What to work on: Pictures stay out of the output. Return exactly the lines below from the one with "Marco Rubio has" down to the one with "Boost Mobile Racing TShirt NEW DESIGN", both included, and nothing more.

Source records:
########################################

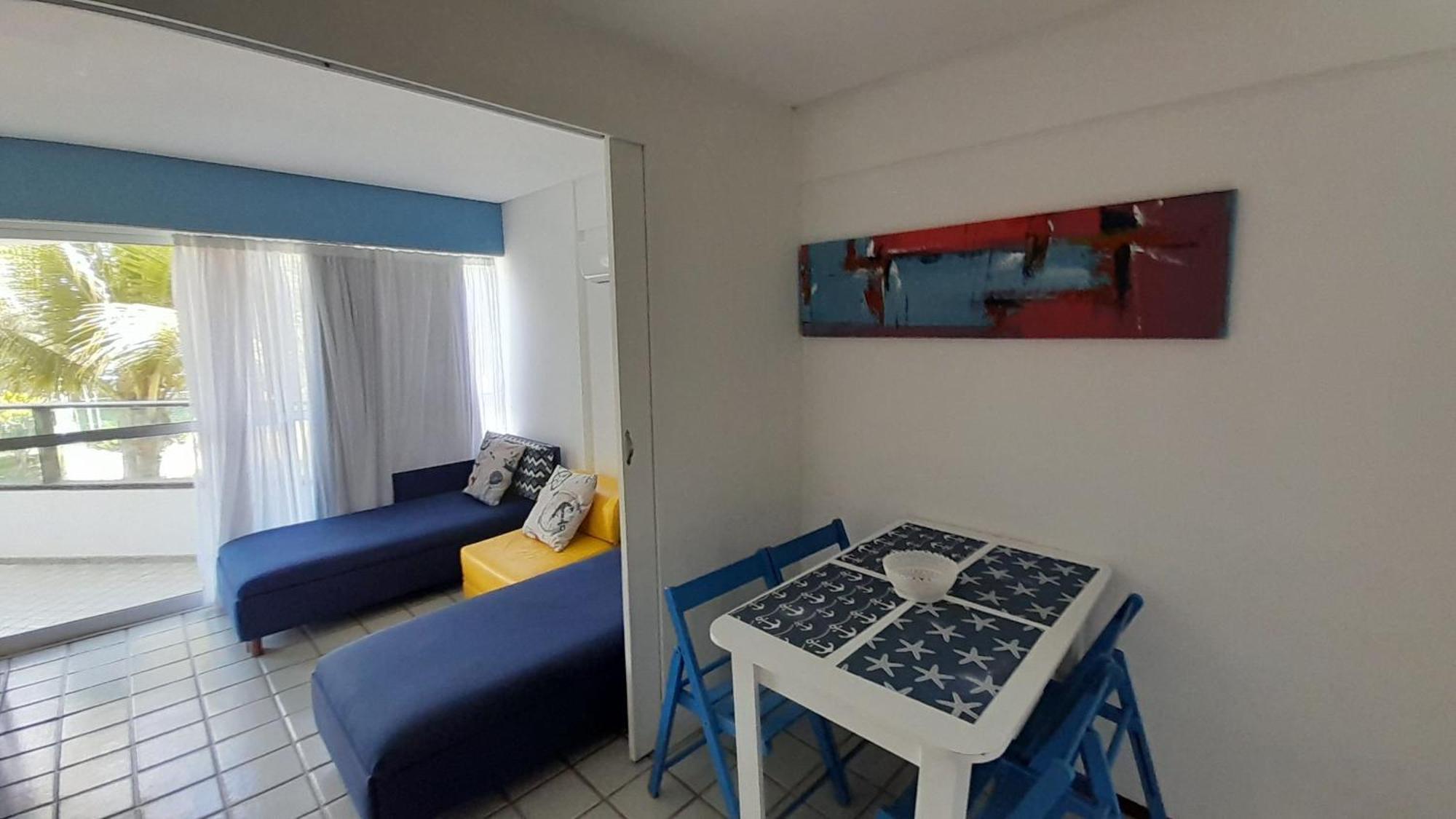 Porto De Galinhas - Flat Ancorar Apartment Екстериор снимка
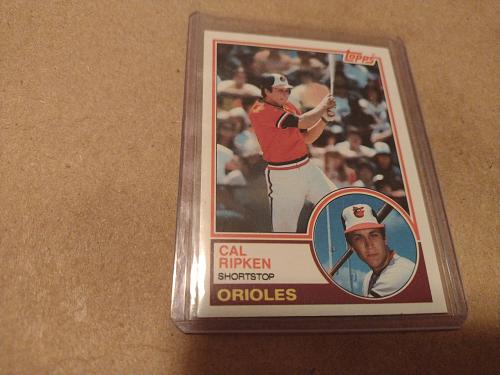 1983 Topps 19 Card Lot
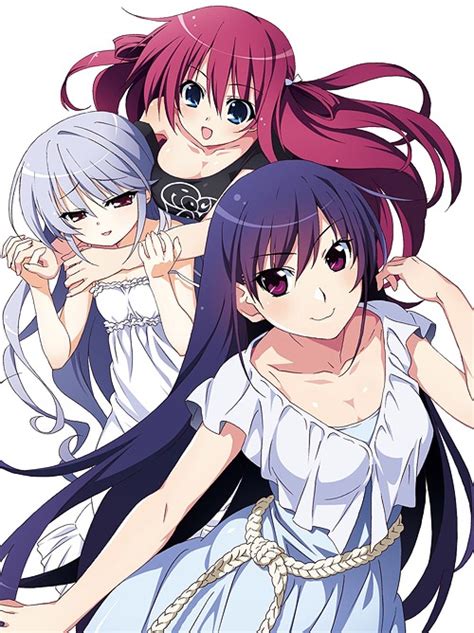 grisaia no rakuen|Grisaia no Rakuen (The Eden of Grisaia)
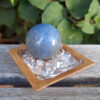 Dumortierite Sphere M, Enhance Psychic Gifts, Sharpen Mental Skills & Stimulation - Image 4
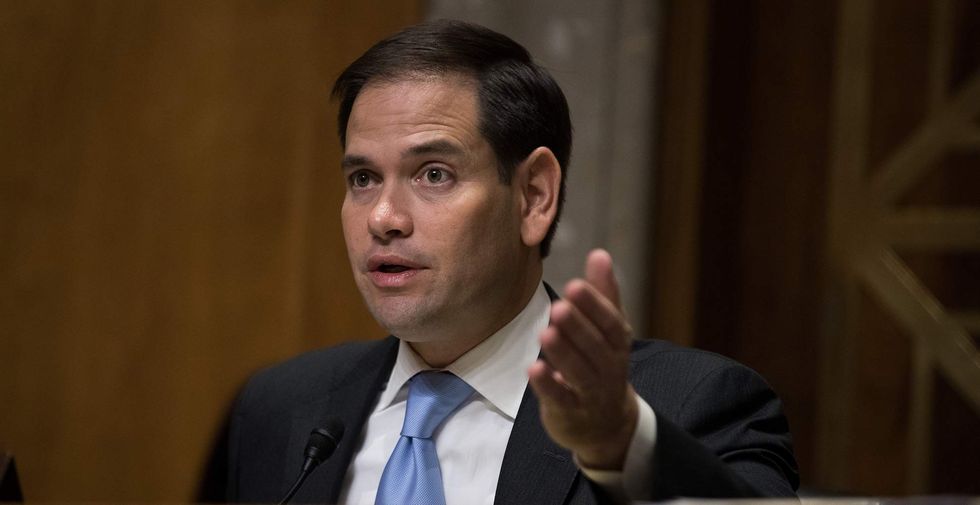 Marco Rubio has a message for Hollywood stars protesting Trump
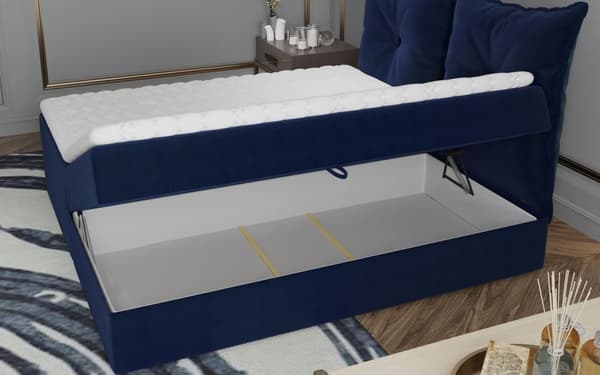 Komplett Kontinentalsängspaket Donini Med Förvaring 160-180cm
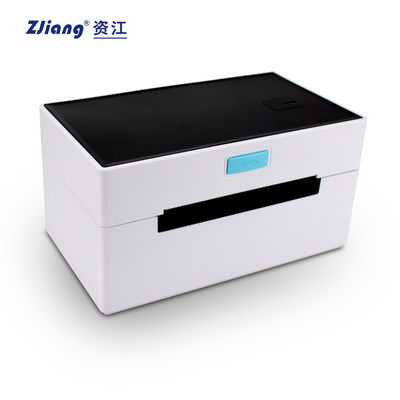 Termal portátil posición ZJ-9220 de salida de White Color de la impresora de la etiqueta de 4 pulgadas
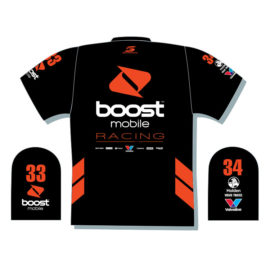 Boost Mobile Racing TShirt NEW DESIGN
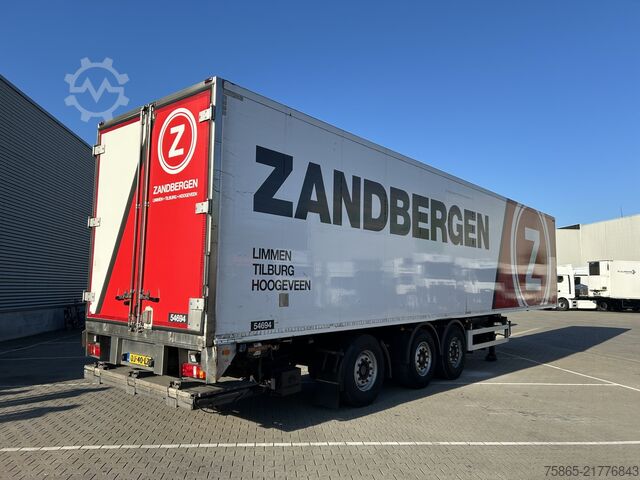 Kühl-/Tiefkühltransport Pacton Z3-002 / Carrier Reefer - 30gr / Frigo Box / Lo...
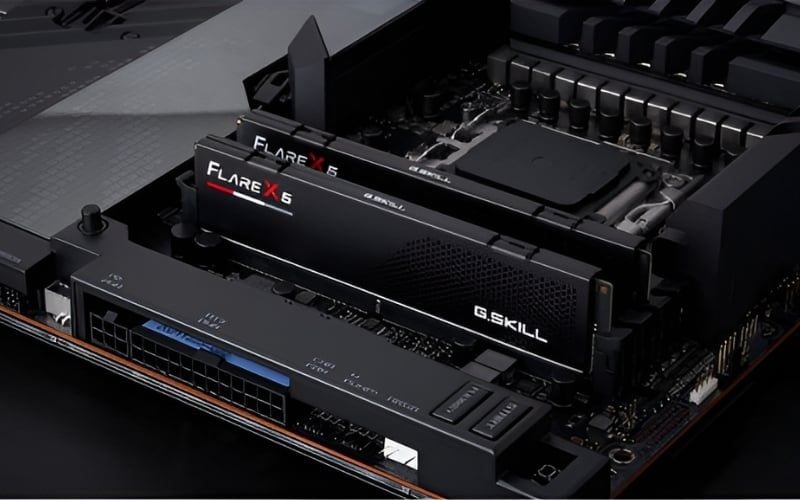 RAM G.Skill tương thích tốt với bo mạch chủ từ các thương hiệu nổi tiếng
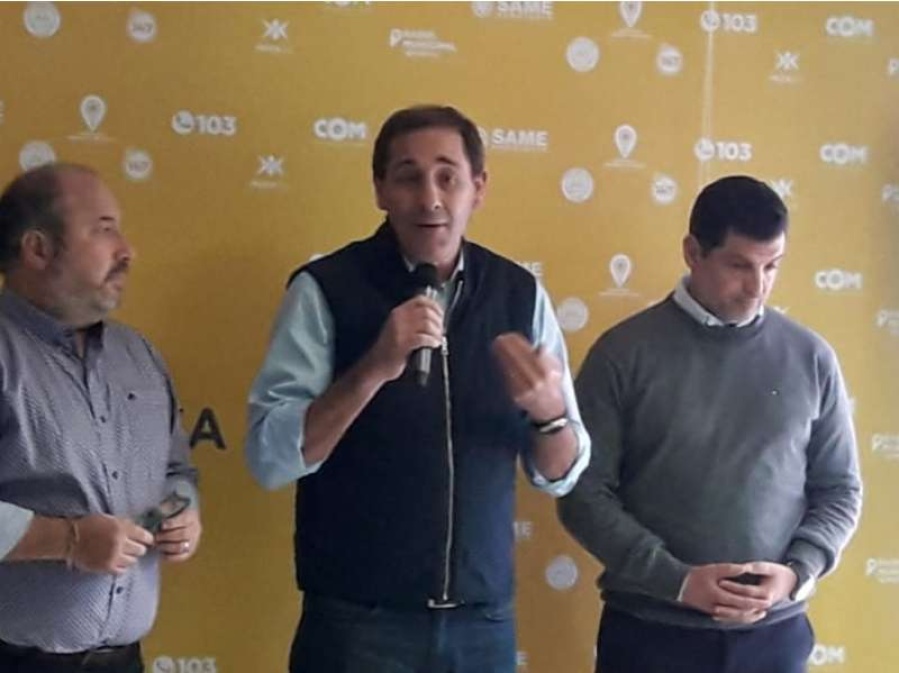 Garro lanzó una novedosa APP del clima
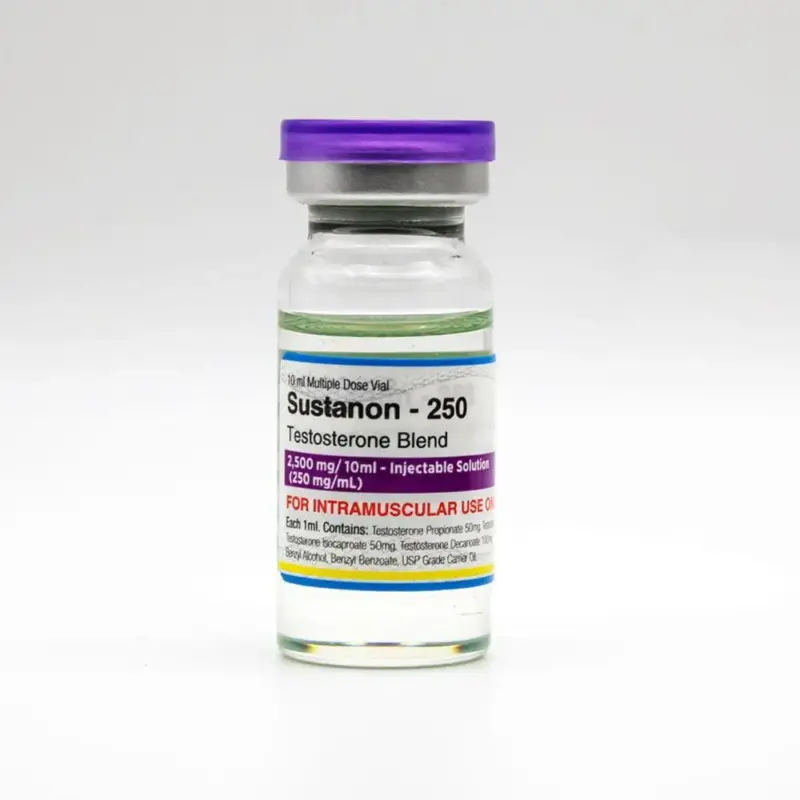 Sustanon 250 - PharmaQo Labs 10ml Vial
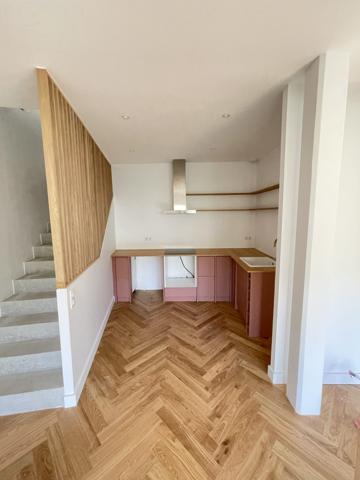 Votre Maison avec exterieur au Jardin Public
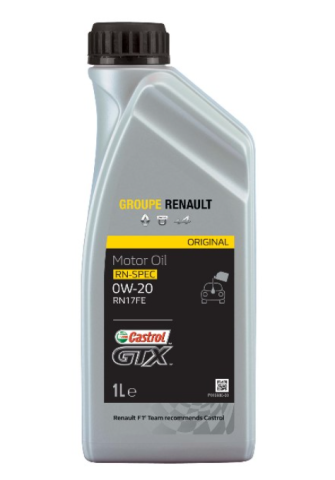 0W40 - Ulei Motor Renault Castrol EDGE RN17 RSA 0W-40 1L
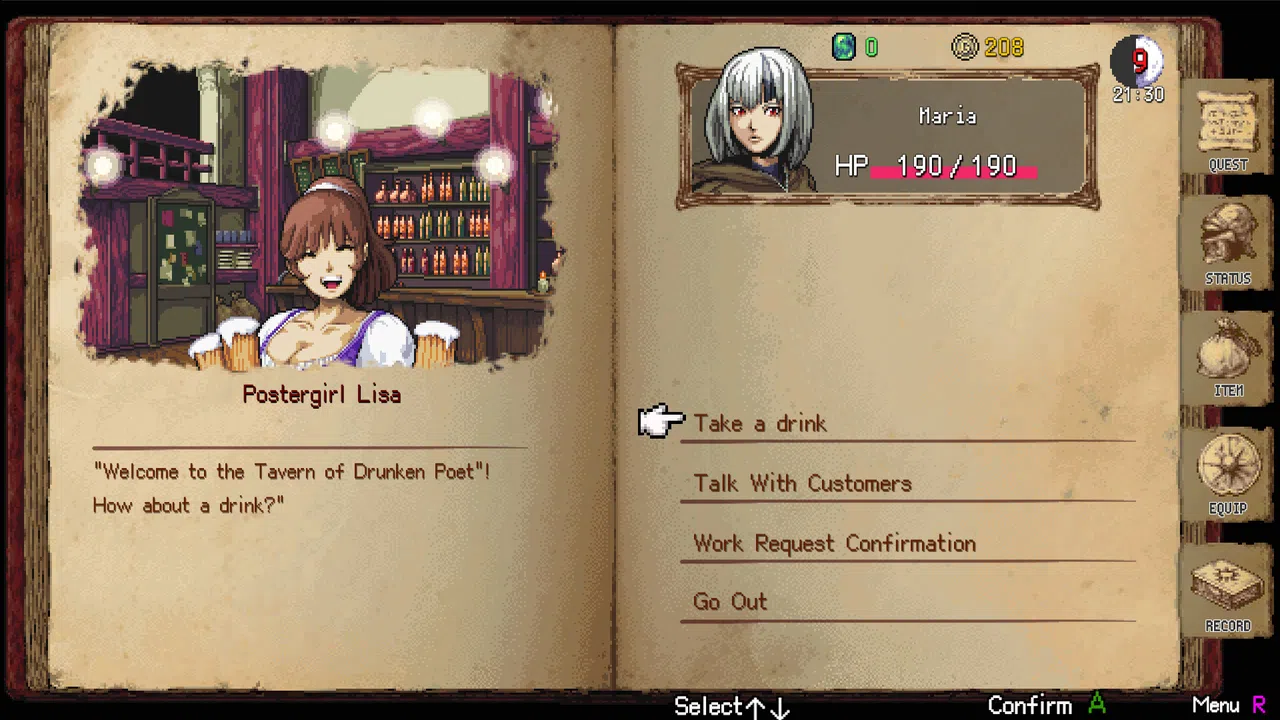 DarkBlood -ReVerse- Screenshot 5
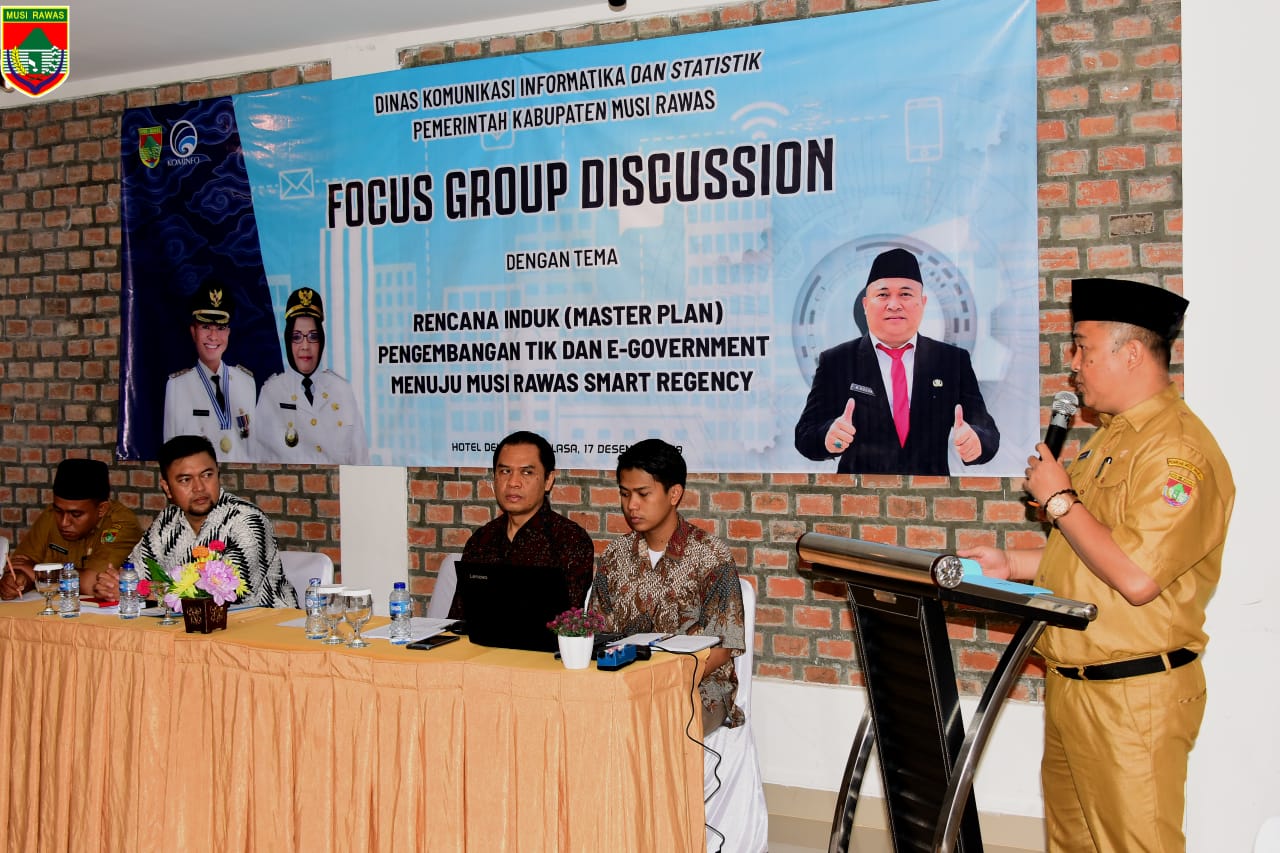 Diskominfo Mura Gelar FGD Penyusunan Master Plan Pengembangan TIK dan E-Goverment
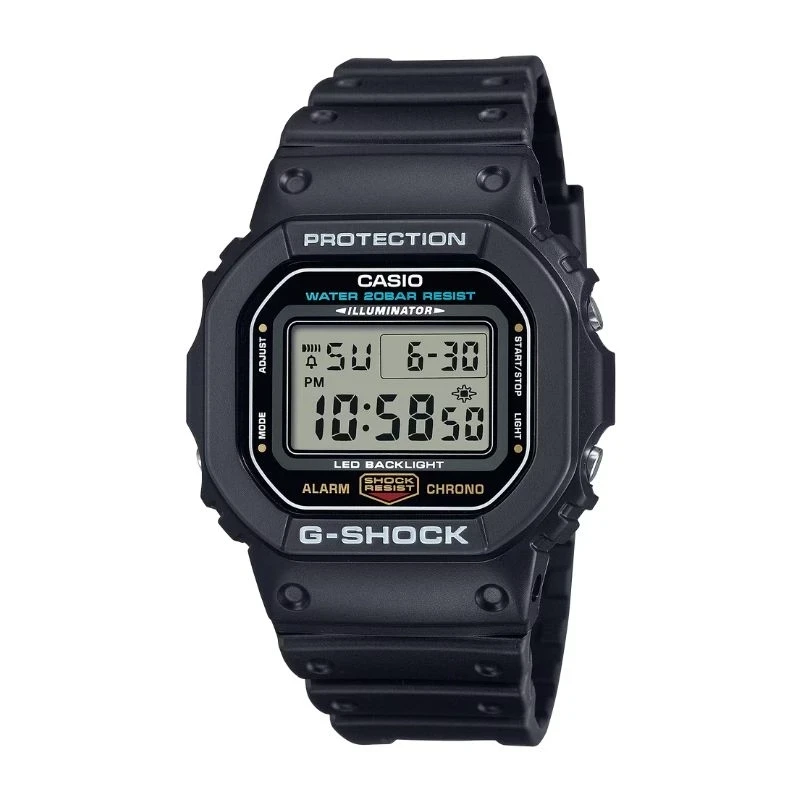 ساعت مردانه کاسیو جیشاک  مدل DW-5600UE-1DR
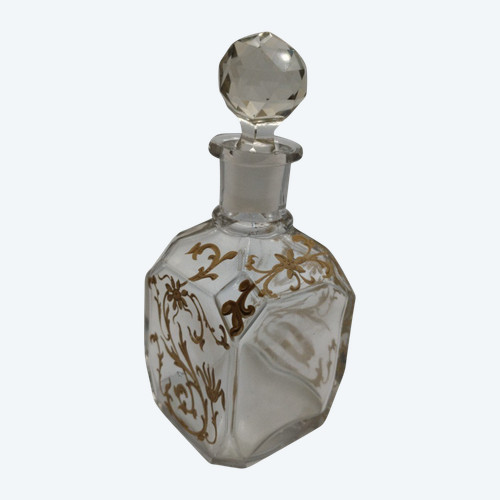 Bottle - Crystal - Perfume- Oriza L. Legrand - c. 1900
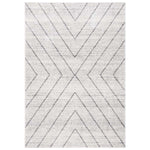 Safavieh Adirondack 251 Rug, White, ADR251 - Ivory / Dark Grey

########################################

Output below:
 Marco Rubio has a message for Hollywood stars protesting Trump
 Komplett Kontinentalsängspaket Donini Med Förvaring 160-180cm
 Termal portátil posición ZJ-9220 de salida de White Color de la impresora de la etiqueta de 4 pulgadas
 Boost Mobile Racing TShirt NEW DESIGN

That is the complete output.